Citizenship education now taught in all European countries but specialist training for teachers lacking

All EU Member States have integrated ‘citizenship education’ into their primary and secondary school curricula – albeit with different approaches, according to a report published 31 May by the European Commission. Improving knowledge and skills for teaching the subject remains a challenge, however, with only two countries (UK – England and Slovakia) offering training for prospective specialist teachers in initial teacher education programmes. The report indicates a general consensus that citizenship education should aim to develop critical thinking, analytical skills and attitudes to foster active participation in school and society.

Androulla Vassiliou, Commissioner for Education, Culture, Multilingualism and Youth, said: “Citizenship education endows pupils with the necessary knowledge, skills and values to actively engage in our society. We must encourage this because active participation is at the root of our democratic values in Europe. We also need to put more emphasis on teacher training in this area so that young people are inspired to become active citizens.”

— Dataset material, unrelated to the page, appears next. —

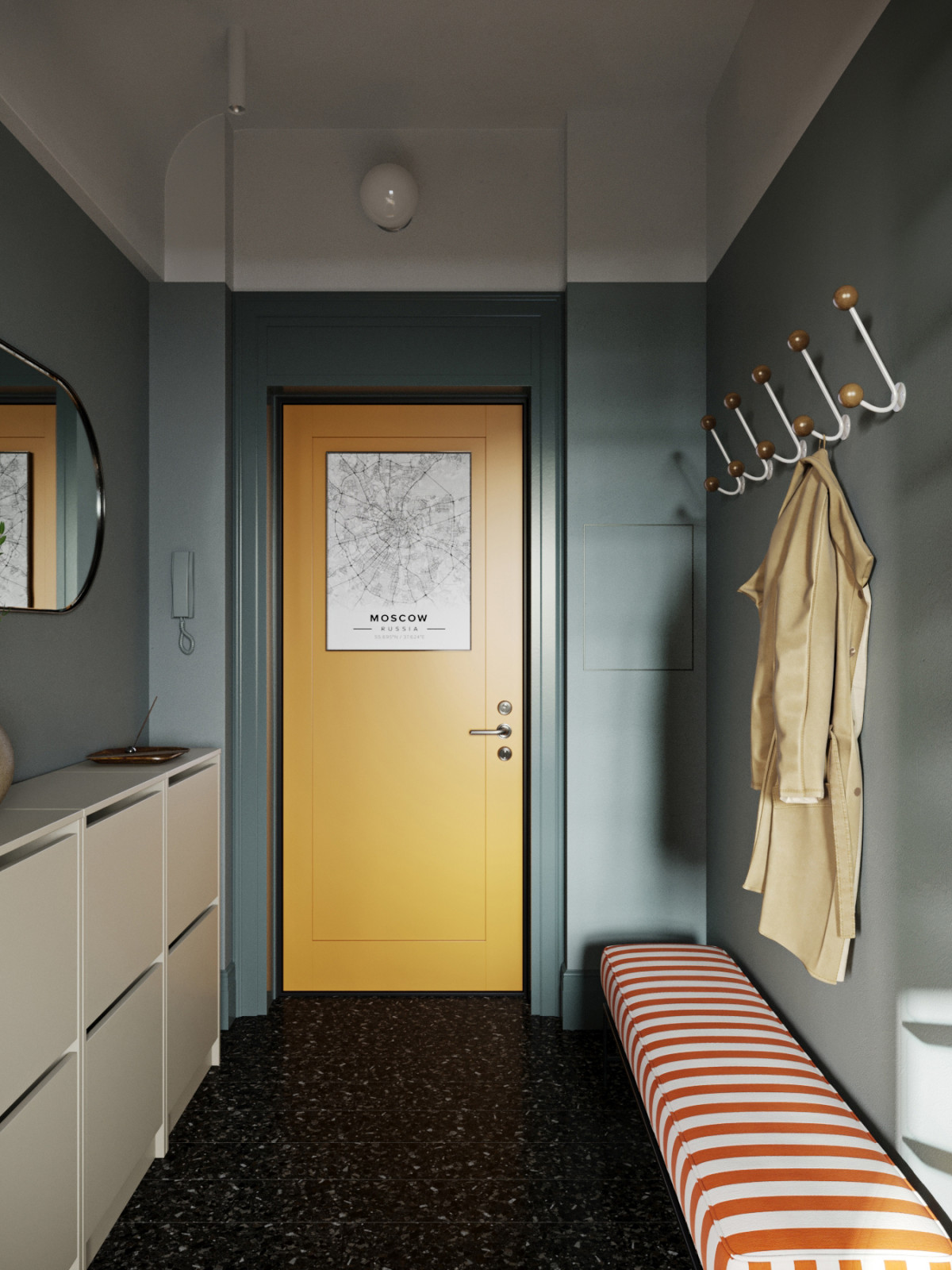 Квартира "Сталинка"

The report finds that schools in all European countries have introduced rules and recommendations aimed at encouraging democratic practices and participation through, for example, the election of class representatives, student councils and student representation on school governing bodies. This increases the likelihood that young people will actively engage in social and political life.

While all countries have guidelines to give pupils a voice in the running of their school, since 2007 more than half have implemented at least one publicly financed programme or project to cultivate citizenship-related values and attitudes outside school. These include initiatives to encourage pupils from different ethnic and socio-economic groups to get involved in joint activities (Latvia, for instance, has launched a project on these lines) or to bring children in primary schools together with old people in retirement homes (France is among the countries to encourage such ‘intergenerational’ projects).

Active participation is also increasingly used in pupil assessment. More than a third of European countries now take participation in school or community activities into account when assessing students.